YOUR ASSIGNMENT | Word for word, transcribe the data below from the line with "Everything you need" to the line with "Before you begin", keeping both of those lines.

SUPPLIED DATA |

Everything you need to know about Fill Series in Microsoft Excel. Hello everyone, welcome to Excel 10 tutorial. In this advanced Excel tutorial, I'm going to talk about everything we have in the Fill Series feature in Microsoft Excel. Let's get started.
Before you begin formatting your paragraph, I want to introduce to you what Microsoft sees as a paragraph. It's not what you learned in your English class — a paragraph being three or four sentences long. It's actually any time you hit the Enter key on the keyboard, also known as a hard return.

==

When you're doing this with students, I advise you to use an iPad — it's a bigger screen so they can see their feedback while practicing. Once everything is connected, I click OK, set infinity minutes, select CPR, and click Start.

RESPONSE AREA |
Everything you need to know about Fill Series in Microsoft Excel. Hello everyone, welcome to Excel 10 tutorial. In this advanced Excel tutorial, I'm going to talk about everything we have in the Fill Series feature in Microsoft Excel. Let's get started.
Before you begin formatting your paragraph, I want to introduce to you what Microsoft sees as a paragraph. It's not what you learned in your English class — a paragraph being three or four sentences long. It's actually any time you hit the Enter key on the keyboard, also known as a hard return.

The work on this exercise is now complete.